Una barbarie senza fine. Che ci troviamo a fronteggiare in condizioni politiche precarie.
Il clima di emergenza creatosi mercoledì e che è stato addotto come scusa per spiegare il consenso dato al Decreto non può essere una giustificazione e, semmai, rappresenta un aggravante. È proprio nei momenti in cui la borghesia scatena la sua vena reazionaria, quando il Rutelli di turno parla di “rischio di sfaldamento per la Repubblica”, che i comunisti debbono saper mantenere ferma la barra dell’indipendenza politica (se l’indipendenza politica riuscissimo a recuperarla…) e respingere qualsiasi tentativo di ricatto.
Il sì strappato a Ferrero, però, non è l’errore di un singolo, quanto piuttosto l’ennesimo scivolone del nostro partito nella sua esperienza di governo con Prodi; è figlio di un gigantesco equivoco che si è alimentato fin qui: che rimanere nel governo potesse contribuire a spostarne a sinistra l’asse, che potesse servire a qualcosa, quando è sempre più chiaro che serve solo a comprometterci sempre di più.
Oggi ci si pente di quel voto e si dice, nelle parole di Russo Soena, che il decreto è inaccettabile. Ma la logica che passa è emendativa, qualche ritocco qua e là, e poi il decreto si potrà approvare. Questo è il senso delle parole di Nichi Vendola che, in un’intervista al Manifesto di venerdì 2 novembre, ha confessato che, pure dopo aver provato a modificarlo, il pacchetto sicurezza comunque lo voterebbe.
Non esistono, adesso, ricette facili per trovare il bandolo della matassa di questa situazione. Anni di crescente presenza nelle giunte di centrosinistra e nel governo Prodi e mancata presenza nei luoghi di lavoro, di studio e nei quartieri popolari hanno eroso la presenza del partito nelle periferie delle grandi città e aperto la strada alla destra.
La collaborazione al governo con il Partito Democratico di Veltroni deve terminare oggi stesso, questa è la condizione per poter ripartire collocandosi all’opposizione.
Il Prc a Roma
A Roma il partito è oggettivamente un pugile suonato. La destra di Alemanno ringhia e affila le armi in vista del Consiglio Straordinario del 9 Novembre.

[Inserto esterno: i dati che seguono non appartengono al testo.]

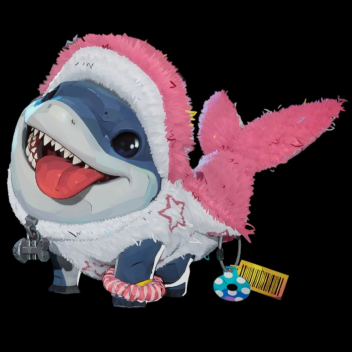 It's Better Together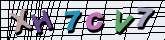 Chuck Norris has counted to infinity. Twice.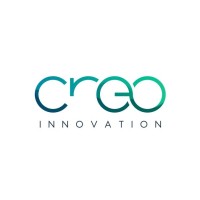 Creo Innovation logo, Creo Innovation contact details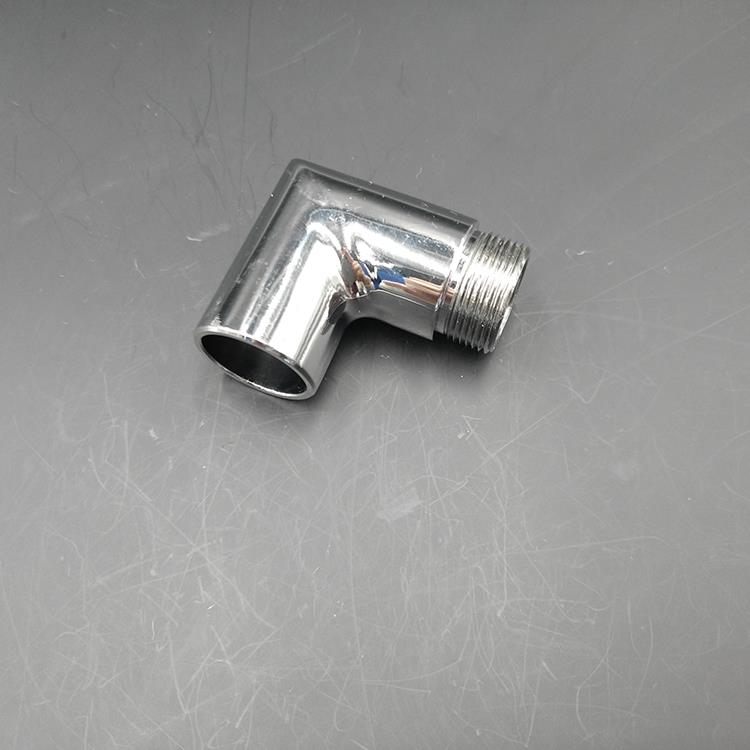 4 Custom-small-quantity-of-CNC-machining-metal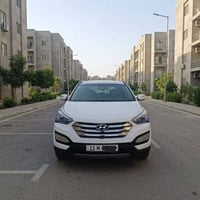 ٢٠١٣ • وارد أمريكي • بصمه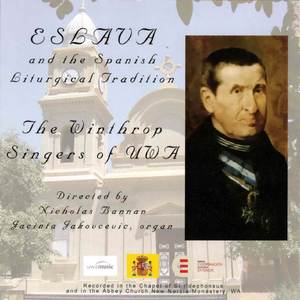 Differencias Cavallero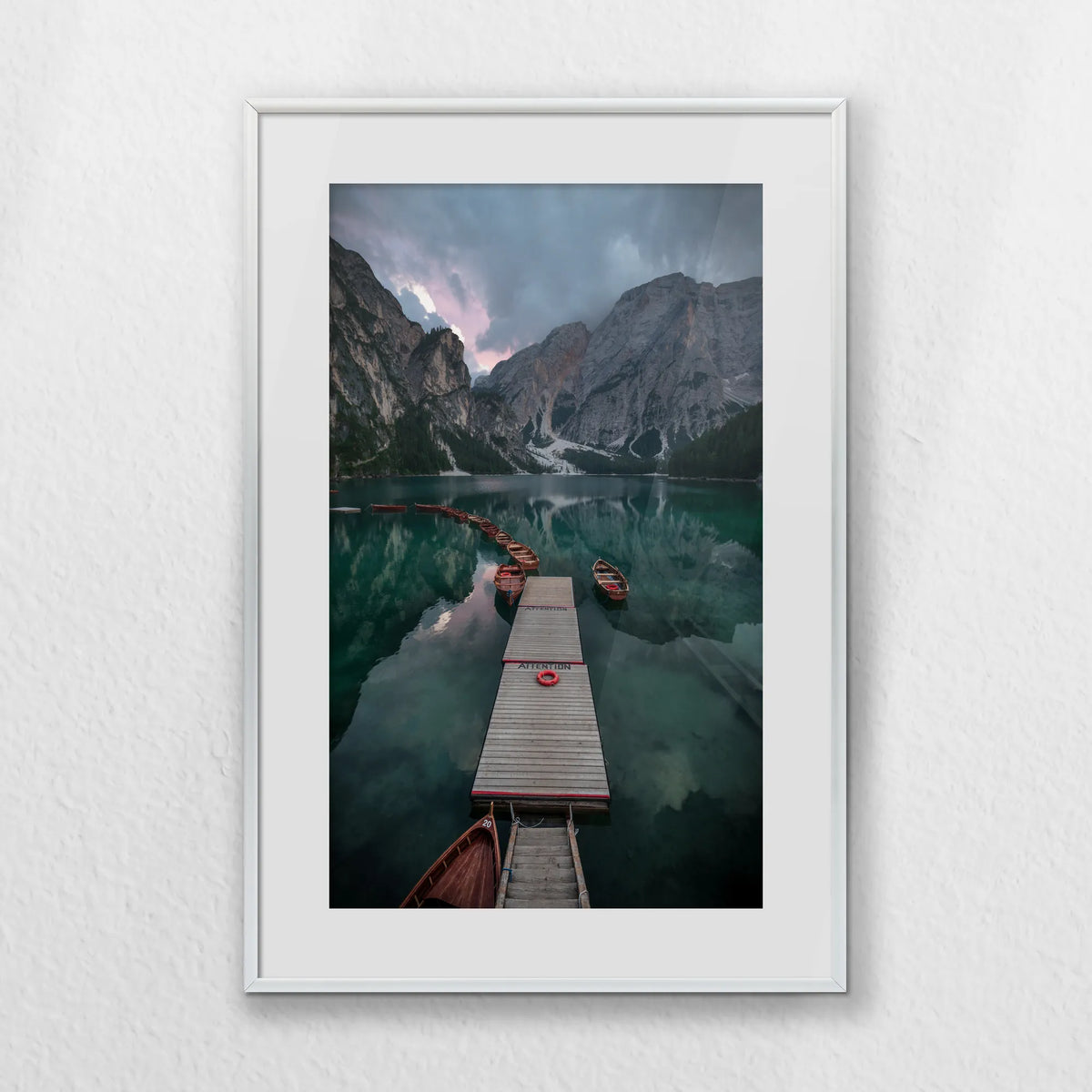 PSP040W060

Rimanere ancora nella giunta Veltroni ci trascina sempre più a fondo, in un dibattito surreale dove ci troviamo a concordare sulla “fermezza” da adottare nelle politiche sull’immigrazione, ad accettare il terreno scivoloso del Consiglio Straordinario dove la destra di Alemanno andrà all’attacco e dove Veltroni si prepara ad accogliere molte delle sue richieste, con la logica di inseguirla sul suo terreno privilegiato. Limitare i danni che usciranno dal Consiglio Straordinario di Roma, con una giunta pronta a soccombere al delirio razzista di Alleanza Nazionale, sarà pressoché impossibile.
Occorre uscire dalla logica emendativa che ci fa ripiegare su posizioni di retroguardia, senza avere nemmeno la certezza di riuscire a mantenerle.
A Roma ci si sta battendo per i piccoli campi, contro i megacampi che vorrebbe costruire Veltroni, si sta diffondendo l’idea che “comunque bisogna fare qualcosa” e tra un po’ verrà promulgato il “decalogo della sicurezza democratico”.
È surreale che si faccia questo dibattito sull’emergenza immigrazione a Roma, una città che ha le risorse per accogliere il doppio degli immigrati che ci sono adesso, a patto però di scontrarsi con gli interessi dei grandi palazzinari amici di Veltroni, i cui cantieri fioriscono all’ombra della legge 30 quando non sono dominati dal lavoro nero. Dei palazzinari delle migliaia di appartamenti sfitti che, se requisiti, potrebbero offrire l’unica soluzione degna di una vita decente che si possa offrire agli immigrati ed ai lavoratori italiani.
La vera emergenza è questa: la mancanza di case, di lavoro, di una sanità ed un’istruzione degne di questo nome. I responsabili del peggioramento delle condizioni di vita di milioni di lavoratori e di loro famiglie non è un immigrato romeno o albanese ma i grandi finanzieri, i palazzinari, i padroni delle città. Ci serve un partito ed una sinistra che riparta dalle lotte e che non soccomba ai diktat dei “poteri forti” rappresentati da Prodi e Veltroni.